Almost enough time can create even more problems. I feel like its possible, then at the last minute there really wasn’t enough time after all. The disappointment is overwhelming to the point of tears. I was so close! I am excited that I’m going to succeed, but end in failure after all.
The lack of time leads to many mistakes. Rushing to finish, I cut corners, don’t double check behind myself, am sloppy and deliver substandard results. I may reach the goal of completion, but in the end it turns out to be an even bigger failure. It’s a horrible feeling when I realize that what I’ve done isn’t really a good thing, but makes me feel stupid, and looks even worse to others. The satisfaction of meeting the deadline is killed by the poor results. For me, this happens more than not as I tend to focus on the end rather than the process.
Even when I’m able to squeeze enough time to do what I need to do is stressful. I’ve forced myself to push through, generating an almost superhuman energy and focus. And when the job is done, the energy remains. But now that I’m finished there’s no outlet for the stress and it can feel like I’m going to explode. Sometimes it can even trigger a manic episode if I have multiple deadlines that follow one after another. By the time everything is finished the amount of power needed just takes me over the top, and I can’t stop.
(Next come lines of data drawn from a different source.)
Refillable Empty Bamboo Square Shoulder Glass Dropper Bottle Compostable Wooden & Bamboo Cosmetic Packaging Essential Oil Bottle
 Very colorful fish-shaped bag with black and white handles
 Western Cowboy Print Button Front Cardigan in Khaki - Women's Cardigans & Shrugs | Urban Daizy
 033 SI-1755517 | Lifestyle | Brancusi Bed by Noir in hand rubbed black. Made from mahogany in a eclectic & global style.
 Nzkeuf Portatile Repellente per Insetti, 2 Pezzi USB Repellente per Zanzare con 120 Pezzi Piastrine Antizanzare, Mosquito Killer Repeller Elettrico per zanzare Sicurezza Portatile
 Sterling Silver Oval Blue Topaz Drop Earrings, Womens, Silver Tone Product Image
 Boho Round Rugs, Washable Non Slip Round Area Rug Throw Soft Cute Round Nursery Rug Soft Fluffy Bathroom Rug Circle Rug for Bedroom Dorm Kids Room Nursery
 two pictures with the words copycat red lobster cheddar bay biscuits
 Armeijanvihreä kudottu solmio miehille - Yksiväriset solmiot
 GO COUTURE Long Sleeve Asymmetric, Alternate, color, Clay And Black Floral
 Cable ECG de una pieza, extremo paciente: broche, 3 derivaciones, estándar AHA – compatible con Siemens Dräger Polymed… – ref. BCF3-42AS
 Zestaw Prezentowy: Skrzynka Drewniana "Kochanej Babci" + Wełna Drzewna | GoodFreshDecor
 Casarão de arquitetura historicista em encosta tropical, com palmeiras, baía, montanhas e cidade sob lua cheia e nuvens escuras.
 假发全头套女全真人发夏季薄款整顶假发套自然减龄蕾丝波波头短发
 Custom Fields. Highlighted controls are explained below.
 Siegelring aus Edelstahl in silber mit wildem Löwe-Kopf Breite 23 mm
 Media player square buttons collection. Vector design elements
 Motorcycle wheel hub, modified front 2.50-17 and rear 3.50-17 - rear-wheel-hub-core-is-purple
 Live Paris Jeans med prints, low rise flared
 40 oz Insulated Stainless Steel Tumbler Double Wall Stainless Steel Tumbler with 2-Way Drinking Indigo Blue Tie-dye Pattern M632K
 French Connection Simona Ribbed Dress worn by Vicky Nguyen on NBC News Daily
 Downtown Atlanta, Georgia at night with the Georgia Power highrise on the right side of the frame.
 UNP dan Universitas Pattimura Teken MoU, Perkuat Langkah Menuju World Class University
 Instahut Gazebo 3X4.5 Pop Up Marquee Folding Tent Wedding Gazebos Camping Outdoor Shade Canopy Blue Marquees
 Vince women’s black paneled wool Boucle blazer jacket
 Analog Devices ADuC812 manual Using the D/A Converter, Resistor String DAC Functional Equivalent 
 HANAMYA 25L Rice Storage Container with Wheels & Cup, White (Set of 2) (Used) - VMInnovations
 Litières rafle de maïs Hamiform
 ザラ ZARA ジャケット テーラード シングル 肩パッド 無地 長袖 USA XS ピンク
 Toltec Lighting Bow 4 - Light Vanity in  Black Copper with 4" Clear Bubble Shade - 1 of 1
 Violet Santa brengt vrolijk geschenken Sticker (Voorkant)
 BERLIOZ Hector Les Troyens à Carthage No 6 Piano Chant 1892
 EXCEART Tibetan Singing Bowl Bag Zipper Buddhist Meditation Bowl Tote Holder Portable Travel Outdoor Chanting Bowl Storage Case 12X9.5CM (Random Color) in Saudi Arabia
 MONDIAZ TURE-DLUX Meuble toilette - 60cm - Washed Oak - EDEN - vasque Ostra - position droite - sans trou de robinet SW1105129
But for me, too much time is worse. That’s when the fears set in, imagination becomes overactive and destructive and I dwell on problems real or imagined. Too much time is when I get into the most trouble with myself. I over think everything and come up with more problems than there really are. I second guess myself, and rethink my issues over and over, coming up with different conclusions every time. This is when the OCD really kicks in. Thoughts become repetitive and take over conscious thinking. I get ideas in my head that I cannot control. It’s never a pleasant thing either. It’s always something bad or painful that builds in intensity to the point of being unbearable. I can wander around the house looking for something, anything to do, but without the energy to actually do it. Too much time usually means I’m alone, and the loneliness just makes it worse. If it goes on and on, it can trigger a depression. The problems become too big, the fears become too strong, and the despair can be overwhelming.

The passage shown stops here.